The June Kelly Gallery opens its 2022-23
season with Metropolis, the gallery’s eighth exhibition of
photography by Charles Martin – views that articulate chance
bracketing of architectural form, scale, and milieu, will open at
166 Mercer Street, on Thursday, September 8. The
work will remain on view through October 18.
Photographer Charles Martin, also filmmaker
and writer, says, Metropolis is drawn from such cities as New
York, São Paulo, Paris and Montréal, the emphasis is a general sense
rather than an explicit essay about any particular one.

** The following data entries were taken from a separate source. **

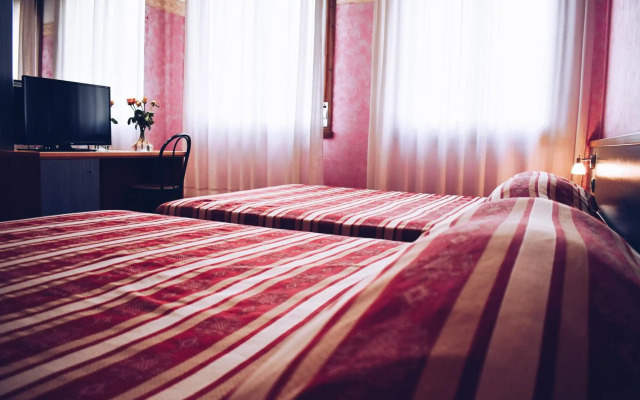 Hotel Vienna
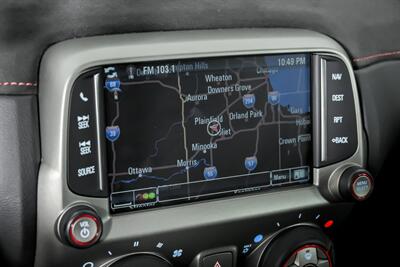 2013 Chevrolet Camaro ZL1   - Photo 31 - Joliet, IL 60435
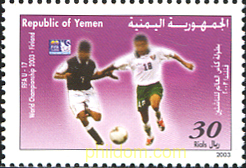 CAMPEONATOS DEL MUNDO DE FUTBOL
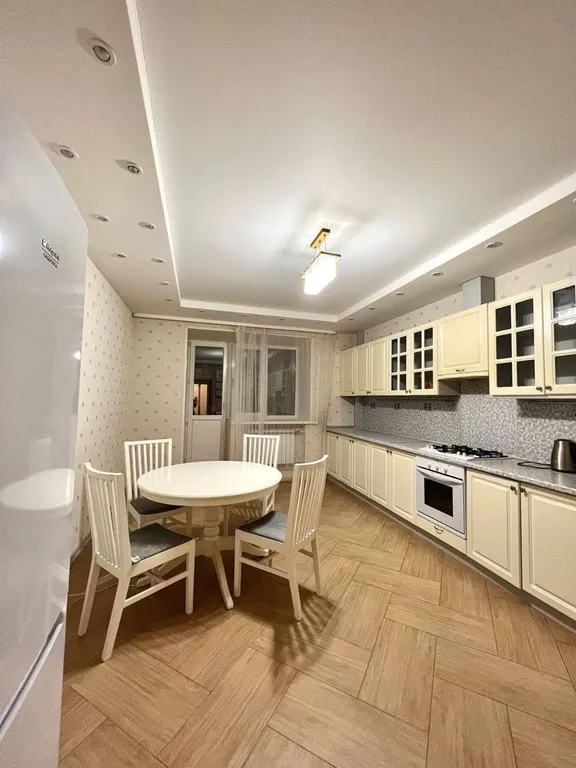 Квартира Квартира в центре — Казань
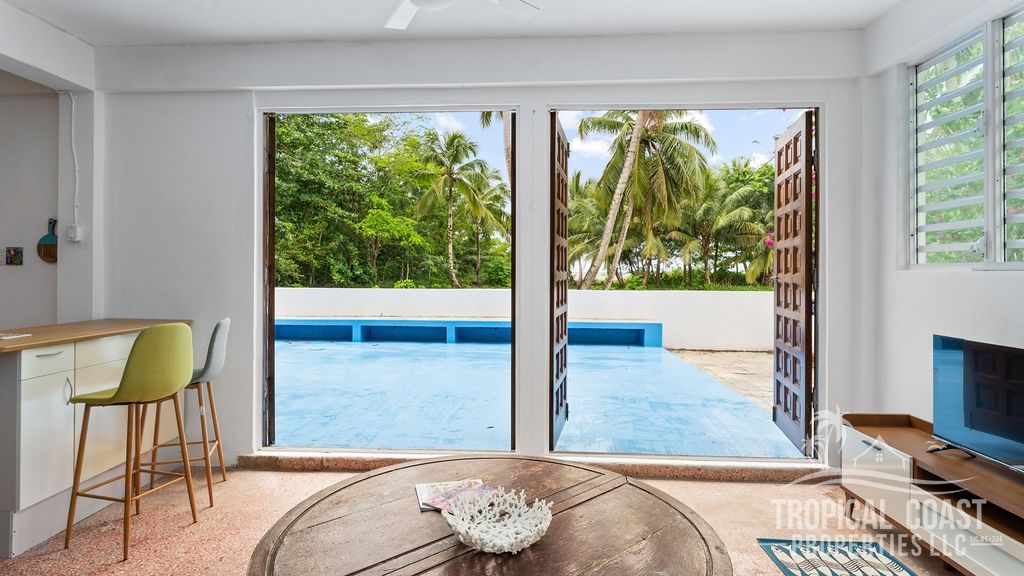 Bo Playa- Carr 401 Km 2.5 Anasco 00610 PR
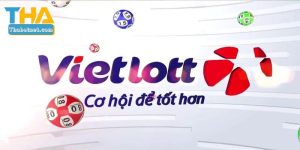 Xổ Số Điện Toán Vietlott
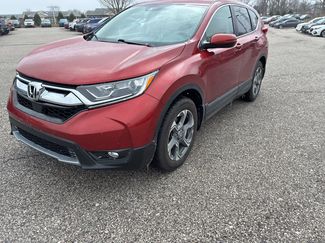 Used 2018 Honda CR-V EX video 1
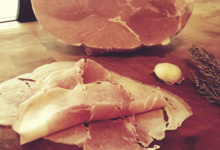 Oh la vache, jambon blanc
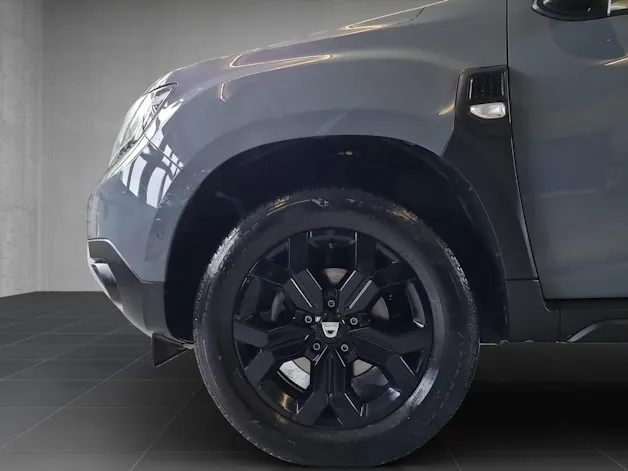 Dacia Duster 1.3 TCe 150 Extreme EDC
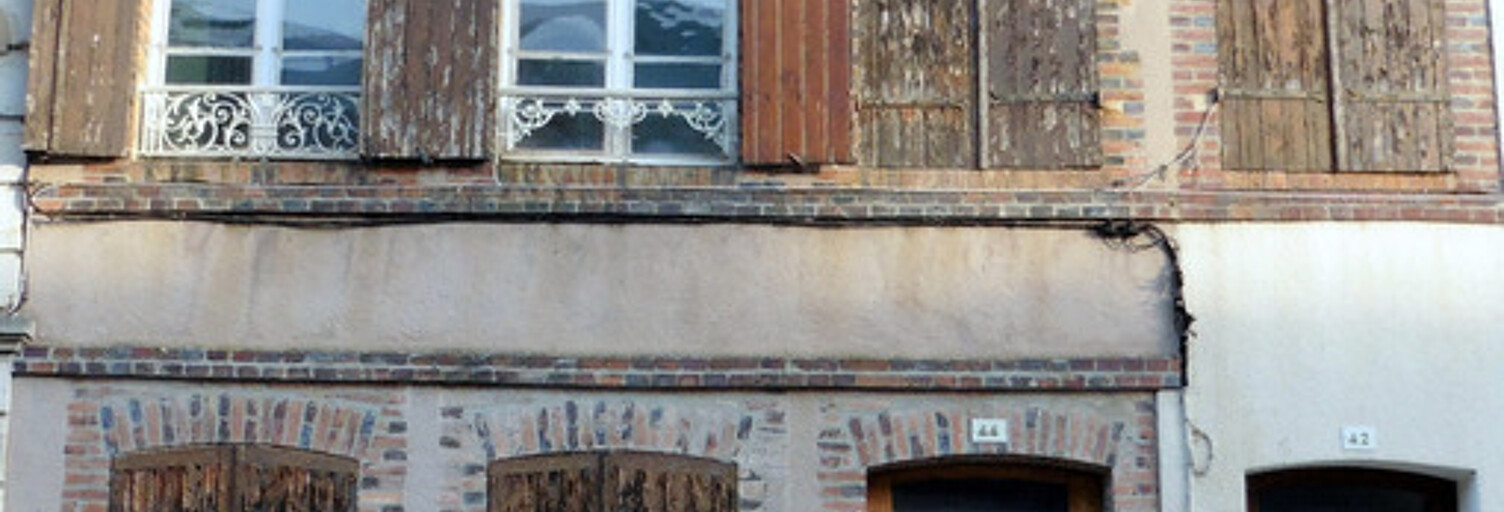 Maison 7 Pièces 146 m² à vendre à Villeneuve-l'Archevêque (89190)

Daylight, twilight, and electricity
luminously shape and paint the cities. Expanses,
constructed or patches of nature, are equally urban, and in evidence
at ground level and from high perches.
Martin says, the views in Metropolis,
as in Ferryboat, an earlier exhibition, are less a document
than an evocation, an essay, a “think piece” about city, but not
enclosed by it, and fascinated by many elements. “Multiple
activity, sometimes subterranean, identifies cities and the people
who reside and work in them.
Nevertheless, writes Martin, the touchstone
kernel and outstanding sign of Metropolis, visually, is the
blend or interruption of architectural form and scale set
comfortably or awkwardly in nature, if
only under the sky or amid a body of water (Edifice Canyon,
2022). Structures, worn or new, seen
directly or in reflection are, like drawings or sculpture, lines and
shapes aligned and shuffled, brought together, and sighted by eyes
and lenses to be affixed, sometimes, in film, in pixels or memory.
In the lyrics of the song, “Concrete Jungle,” Bob
Marley wonders what the city has “got for me now?”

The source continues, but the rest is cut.